TRUNCATE TABLE Statement (CDH 5.5 or higher only)
Removes the data from an Impala table while leaving the table itself.
Syntax:
TRUNCATE [TABLE] [IF EXISTS] [db_name.]table_name
Statement type: DDL
Usage notes:
Often used to empty tables that are used during ETL cycles, after the data has been copied to another table for the next stage of processing. This statement is a low-overhead alternative to dropping and recreating the table, or using INSERT OVERWRITE to replace the data during the next ETL cycle.
This statement removes all the data and associated data files in the table. It can remove data files from internal tables, external tables, partitioned tables, and tables mapped to HBase or the Amazon Simple Storage Service (S3). The data removal applies to the entire table, including all partitions of a partitioned table.
Any statistics produced by the COMPUTE STATS statement are reset when the data is removed.
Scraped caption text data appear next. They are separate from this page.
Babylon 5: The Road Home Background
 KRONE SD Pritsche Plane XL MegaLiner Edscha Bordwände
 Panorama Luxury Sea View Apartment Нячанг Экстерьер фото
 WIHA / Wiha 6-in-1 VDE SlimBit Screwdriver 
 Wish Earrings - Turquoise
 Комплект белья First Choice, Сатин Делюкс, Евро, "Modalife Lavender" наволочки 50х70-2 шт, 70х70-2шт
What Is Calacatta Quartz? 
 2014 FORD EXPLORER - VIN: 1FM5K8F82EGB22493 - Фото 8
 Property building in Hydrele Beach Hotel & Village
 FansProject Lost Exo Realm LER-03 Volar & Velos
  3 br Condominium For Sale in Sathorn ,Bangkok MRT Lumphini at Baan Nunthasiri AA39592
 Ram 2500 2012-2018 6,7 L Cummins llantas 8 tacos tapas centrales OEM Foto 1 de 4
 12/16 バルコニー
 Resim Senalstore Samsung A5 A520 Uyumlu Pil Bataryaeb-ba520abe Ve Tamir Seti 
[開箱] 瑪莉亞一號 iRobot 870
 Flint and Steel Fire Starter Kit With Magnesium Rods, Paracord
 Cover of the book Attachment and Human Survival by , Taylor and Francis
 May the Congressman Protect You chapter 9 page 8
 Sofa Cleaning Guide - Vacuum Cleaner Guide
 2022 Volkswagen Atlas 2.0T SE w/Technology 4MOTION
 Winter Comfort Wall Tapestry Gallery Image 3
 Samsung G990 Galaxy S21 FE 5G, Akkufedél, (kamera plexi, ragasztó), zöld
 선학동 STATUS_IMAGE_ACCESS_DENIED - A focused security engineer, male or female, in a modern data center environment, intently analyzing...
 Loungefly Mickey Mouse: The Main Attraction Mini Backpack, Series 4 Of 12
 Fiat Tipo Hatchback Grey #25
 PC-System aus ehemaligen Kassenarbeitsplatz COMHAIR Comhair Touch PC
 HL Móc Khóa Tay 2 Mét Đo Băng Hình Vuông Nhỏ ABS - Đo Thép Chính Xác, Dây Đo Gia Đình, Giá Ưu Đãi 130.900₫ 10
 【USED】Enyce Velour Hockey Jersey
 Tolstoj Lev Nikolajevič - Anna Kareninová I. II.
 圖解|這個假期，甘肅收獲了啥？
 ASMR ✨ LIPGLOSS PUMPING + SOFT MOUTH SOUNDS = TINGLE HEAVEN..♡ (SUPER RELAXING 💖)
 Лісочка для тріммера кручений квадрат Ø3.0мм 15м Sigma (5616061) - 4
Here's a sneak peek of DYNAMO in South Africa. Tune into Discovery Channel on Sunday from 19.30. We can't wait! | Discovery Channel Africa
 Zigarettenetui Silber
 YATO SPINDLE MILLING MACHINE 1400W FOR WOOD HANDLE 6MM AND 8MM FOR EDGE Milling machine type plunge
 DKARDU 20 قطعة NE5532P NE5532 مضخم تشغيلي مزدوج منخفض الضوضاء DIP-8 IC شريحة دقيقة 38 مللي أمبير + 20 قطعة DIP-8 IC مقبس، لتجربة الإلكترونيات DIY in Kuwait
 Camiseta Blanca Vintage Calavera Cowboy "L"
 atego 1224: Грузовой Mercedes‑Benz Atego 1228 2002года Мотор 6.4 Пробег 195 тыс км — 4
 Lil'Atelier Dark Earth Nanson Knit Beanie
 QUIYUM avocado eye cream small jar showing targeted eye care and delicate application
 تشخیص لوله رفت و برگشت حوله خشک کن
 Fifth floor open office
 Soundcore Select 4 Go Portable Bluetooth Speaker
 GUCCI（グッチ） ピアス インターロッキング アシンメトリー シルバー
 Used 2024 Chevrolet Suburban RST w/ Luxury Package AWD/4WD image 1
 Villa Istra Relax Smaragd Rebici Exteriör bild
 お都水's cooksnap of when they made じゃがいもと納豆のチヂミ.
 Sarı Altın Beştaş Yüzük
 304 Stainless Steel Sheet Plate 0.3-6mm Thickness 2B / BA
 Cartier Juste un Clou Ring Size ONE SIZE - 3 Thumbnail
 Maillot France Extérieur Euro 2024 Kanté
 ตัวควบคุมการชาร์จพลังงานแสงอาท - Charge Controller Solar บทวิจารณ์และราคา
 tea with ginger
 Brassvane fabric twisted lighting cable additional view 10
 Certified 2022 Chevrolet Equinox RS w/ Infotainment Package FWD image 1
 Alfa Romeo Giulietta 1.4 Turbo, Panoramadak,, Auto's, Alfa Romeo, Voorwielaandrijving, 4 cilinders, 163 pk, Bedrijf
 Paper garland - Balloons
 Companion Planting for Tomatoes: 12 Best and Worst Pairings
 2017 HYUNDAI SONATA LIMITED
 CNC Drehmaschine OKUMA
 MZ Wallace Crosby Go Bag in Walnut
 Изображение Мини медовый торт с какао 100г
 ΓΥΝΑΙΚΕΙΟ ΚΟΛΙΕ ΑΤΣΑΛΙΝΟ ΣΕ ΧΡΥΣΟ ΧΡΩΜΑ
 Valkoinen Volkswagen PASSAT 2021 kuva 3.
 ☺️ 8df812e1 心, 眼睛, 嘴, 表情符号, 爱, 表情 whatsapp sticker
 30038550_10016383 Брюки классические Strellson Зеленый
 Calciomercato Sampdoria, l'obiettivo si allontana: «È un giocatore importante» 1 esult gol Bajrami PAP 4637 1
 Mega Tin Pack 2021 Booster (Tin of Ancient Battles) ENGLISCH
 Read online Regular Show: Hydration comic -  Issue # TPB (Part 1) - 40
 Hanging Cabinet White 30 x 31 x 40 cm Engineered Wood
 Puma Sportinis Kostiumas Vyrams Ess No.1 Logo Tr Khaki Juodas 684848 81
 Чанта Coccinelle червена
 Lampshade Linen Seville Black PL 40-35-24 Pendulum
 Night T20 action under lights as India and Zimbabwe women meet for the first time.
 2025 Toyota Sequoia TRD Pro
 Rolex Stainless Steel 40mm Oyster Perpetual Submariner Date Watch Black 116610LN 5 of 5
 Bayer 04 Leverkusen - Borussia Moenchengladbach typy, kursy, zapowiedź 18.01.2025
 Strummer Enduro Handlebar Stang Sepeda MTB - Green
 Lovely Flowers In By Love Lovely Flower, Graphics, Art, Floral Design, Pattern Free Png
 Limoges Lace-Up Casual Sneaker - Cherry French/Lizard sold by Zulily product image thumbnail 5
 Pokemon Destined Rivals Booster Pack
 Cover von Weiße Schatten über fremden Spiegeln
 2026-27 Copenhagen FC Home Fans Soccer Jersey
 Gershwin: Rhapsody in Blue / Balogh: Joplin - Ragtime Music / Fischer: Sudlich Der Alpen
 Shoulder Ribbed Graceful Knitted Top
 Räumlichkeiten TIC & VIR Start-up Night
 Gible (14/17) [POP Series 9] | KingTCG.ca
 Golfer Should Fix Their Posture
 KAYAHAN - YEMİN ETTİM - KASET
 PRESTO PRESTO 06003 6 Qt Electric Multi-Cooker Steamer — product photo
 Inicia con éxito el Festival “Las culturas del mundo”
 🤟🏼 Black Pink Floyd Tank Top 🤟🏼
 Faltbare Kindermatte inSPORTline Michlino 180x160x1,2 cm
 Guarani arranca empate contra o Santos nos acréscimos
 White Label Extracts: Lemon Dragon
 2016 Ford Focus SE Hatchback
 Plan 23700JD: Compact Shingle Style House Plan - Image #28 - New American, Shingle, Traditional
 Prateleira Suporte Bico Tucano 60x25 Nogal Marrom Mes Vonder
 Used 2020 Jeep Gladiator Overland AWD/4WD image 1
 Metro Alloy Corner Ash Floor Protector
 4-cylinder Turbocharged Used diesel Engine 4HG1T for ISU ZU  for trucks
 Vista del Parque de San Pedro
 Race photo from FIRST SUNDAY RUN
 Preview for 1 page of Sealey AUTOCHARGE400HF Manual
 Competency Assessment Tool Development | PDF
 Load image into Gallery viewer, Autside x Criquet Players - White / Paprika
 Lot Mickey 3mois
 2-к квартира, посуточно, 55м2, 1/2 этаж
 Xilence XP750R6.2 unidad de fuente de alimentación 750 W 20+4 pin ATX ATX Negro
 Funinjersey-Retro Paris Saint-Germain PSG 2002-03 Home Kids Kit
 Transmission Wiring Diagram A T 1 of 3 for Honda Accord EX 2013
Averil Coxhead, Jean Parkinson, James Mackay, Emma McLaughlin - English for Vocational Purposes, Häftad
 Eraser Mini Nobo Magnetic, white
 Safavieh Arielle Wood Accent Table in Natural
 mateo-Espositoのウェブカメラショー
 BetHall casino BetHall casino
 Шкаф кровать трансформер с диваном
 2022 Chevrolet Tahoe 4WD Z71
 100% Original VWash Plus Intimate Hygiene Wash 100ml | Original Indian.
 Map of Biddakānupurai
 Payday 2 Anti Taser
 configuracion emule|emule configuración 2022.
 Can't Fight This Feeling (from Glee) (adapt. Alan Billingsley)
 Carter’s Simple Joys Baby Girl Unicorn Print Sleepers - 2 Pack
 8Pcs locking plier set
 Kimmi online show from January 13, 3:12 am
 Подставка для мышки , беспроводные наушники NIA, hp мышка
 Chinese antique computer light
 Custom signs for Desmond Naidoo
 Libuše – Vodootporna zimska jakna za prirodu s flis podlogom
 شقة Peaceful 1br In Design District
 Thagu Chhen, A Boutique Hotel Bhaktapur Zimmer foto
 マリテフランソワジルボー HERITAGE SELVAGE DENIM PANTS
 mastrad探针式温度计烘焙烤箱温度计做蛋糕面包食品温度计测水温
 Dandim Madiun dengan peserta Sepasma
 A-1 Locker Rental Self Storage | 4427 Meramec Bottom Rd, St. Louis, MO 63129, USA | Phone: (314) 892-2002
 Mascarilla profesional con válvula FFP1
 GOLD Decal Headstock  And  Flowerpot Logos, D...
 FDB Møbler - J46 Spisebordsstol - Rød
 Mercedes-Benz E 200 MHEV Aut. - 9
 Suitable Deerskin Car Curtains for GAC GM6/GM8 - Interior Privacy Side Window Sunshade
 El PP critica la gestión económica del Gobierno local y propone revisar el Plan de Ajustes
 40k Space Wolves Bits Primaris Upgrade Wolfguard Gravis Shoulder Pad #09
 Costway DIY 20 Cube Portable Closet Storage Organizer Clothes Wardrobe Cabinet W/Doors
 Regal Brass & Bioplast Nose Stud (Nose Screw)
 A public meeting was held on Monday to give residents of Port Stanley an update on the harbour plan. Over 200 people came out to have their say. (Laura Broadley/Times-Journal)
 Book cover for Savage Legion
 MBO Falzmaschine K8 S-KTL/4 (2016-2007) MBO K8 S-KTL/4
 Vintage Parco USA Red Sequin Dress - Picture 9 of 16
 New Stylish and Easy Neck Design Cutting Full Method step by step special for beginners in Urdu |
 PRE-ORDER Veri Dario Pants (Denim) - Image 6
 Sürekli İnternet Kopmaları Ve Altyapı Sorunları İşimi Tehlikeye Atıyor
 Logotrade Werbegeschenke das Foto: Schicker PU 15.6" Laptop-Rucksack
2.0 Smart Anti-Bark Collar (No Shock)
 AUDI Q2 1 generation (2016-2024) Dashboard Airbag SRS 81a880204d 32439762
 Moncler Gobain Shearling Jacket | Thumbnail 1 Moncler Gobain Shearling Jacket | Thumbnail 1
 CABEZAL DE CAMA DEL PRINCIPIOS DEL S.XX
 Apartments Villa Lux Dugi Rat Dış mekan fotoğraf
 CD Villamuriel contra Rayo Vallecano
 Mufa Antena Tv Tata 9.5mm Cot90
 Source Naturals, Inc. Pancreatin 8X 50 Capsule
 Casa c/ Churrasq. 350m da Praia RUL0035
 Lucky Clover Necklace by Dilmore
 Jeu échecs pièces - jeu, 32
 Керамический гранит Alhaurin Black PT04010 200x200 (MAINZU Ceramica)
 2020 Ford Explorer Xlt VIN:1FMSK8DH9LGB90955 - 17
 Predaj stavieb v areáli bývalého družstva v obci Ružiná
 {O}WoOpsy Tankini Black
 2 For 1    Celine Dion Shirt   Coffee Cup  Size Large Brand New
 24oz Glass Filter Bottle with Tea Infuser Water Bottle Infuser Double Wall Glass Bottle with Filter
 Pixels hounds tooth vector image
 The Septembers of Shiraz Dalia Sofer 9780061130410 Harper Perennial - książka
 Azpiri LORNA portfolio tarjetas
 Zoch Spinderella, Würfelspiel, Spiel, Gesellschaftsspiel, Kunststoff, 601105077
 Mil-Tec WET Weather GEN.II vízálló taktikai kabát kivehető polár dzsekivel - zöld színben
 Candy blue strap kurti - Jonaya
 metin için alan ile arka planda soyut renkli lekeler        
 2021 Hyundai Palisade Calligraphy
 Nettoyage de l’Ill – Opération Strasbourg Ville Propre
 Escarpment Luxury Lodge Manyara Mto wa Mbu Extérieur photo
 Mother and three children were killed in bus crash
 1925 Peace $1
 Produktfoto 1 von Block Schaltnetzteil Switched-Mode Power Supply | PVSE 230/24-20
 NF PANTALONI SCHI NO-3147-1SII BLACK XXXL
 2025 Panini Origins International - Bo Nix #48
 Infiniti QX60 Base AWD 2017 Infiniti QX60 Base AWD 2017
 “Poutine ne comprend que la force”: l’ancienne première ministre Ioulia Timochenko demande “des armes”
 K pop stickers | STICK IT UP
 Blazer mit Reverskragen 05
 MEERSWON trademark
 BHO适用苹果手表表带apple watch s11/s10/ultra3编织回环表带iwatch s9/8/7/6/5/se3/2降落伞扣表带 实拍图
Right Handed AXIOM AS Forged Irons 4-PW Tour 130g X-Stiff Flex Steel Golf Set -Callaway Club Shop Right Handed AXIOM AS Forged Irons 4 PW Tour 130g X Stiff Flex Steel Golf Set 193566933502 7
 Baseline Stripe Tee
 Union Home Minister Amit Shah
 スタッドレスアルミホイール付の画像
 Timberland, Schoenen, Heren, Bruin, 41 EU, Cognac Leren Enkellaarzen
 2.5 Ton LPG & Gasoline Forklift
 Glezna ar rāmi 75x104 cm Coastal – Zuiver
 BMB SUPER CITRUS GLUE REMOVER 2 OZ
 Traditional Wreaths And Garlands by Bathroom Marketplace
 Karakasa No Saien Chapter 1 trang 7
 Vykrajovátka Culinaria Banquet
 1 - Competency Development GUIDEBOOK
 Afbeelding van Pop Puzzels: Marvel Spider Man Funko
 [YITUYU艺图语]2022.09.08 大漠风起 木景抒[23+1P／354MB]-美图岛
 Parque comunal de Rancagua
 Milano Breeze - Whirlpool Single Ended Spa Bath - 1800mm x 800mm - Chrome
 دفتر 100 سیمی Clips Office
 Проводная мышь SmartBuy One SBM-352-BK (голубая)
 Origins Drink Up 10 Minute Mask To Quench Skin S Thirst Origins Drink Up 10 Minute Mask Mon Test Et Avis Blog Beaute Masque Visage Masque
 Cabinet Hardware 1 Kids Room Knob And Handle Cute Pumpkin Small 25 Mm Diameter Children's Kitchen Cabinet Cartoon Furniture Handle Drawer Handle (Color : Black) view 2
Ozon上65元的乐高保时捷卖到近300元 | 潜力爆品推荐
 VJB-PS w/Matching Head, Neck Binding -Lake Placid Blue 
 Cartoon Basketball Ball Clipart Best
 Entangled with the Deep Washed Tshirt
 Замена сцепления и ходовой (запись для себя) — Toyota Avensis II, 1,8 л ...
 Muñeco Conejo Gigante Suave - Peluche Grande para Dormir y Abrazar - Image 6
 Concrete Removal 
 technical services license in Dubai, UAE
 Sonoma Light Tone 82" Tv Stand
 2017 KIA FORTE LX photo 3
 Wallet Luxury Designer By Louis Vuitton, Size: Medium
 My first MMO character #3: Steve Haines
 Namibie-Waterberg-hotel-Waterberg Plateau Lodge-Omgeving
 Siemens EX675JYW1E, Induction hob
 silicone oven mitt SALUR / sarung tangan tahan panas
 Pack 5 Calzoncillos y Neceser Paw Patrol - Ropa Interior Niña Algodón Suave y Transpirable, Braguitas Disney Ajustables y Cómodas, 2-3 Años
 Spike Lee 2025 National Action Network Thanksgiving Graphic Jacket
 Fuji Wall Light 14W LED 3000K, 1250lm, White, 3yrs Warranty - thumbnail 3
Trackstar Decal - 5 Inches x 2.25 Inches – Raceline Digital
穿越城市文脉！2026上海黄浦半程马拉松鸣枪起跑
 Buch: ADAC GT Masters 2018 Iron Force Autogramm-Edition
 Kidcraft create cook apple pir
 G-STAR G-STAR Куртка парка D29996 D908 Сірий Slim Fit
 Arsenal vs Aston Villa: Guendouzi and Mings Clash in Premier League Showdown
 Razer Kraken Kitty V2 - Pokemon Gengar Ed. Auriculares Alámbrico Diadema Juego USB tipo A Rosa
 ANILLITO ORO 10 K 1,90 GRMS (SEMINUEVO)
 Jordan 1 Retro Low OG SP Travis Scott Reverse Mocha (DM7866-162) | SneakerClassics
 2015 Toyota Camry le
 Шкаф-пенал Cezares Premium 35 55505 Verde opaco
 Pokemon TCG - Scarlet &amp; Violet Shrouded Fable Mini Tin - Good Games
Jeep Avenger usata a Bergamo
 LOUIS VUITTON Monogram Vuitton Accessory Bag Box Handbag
Make sure that you are in the correct database before truncating a table, either by issuing a USE statement first or by using a fully qualified name db_name.table_name.
The optional TABLE keyword does not affect the behavior of the statement.
The optional IF EXISTS clause makes the statement succeed whether or not the table exists. If the table does exist, it is truncated; if it does not exist, the statement has no effect. This capability is useful in standardized setup scripts that are might be run both before and after some of the tables exist. This clause is available in CDH 5.7 / Impala 2.5 and higher.
For other tips about managing and reclaiming Impala disk space, see Managing Disk Space for Impala Data.
Amazon S3 considerations:
Although Impala cannot write new data to a table stored in the Amazon S3 filesystem, the TRUNCATE TABLE statement can remove data files from S3. See Using Impala with the Amazon S3 Filesystem for details about working with S3 tables.
Cancellation: Cannot be cancelled.
HDFS permissions:
The user ID that the impalad daemon runs under, typically the impala user, must have write permission for all the files and directories that make up the table.
Kudu considerations:
Currently, the TRUNCATE TABLE statement cannot be used with Kudu tables.
Examples:
The following example shows a table containing some data and with table and column statistics. After the TRUNCATE TABLE statement, the data is removed and the statistics are reset.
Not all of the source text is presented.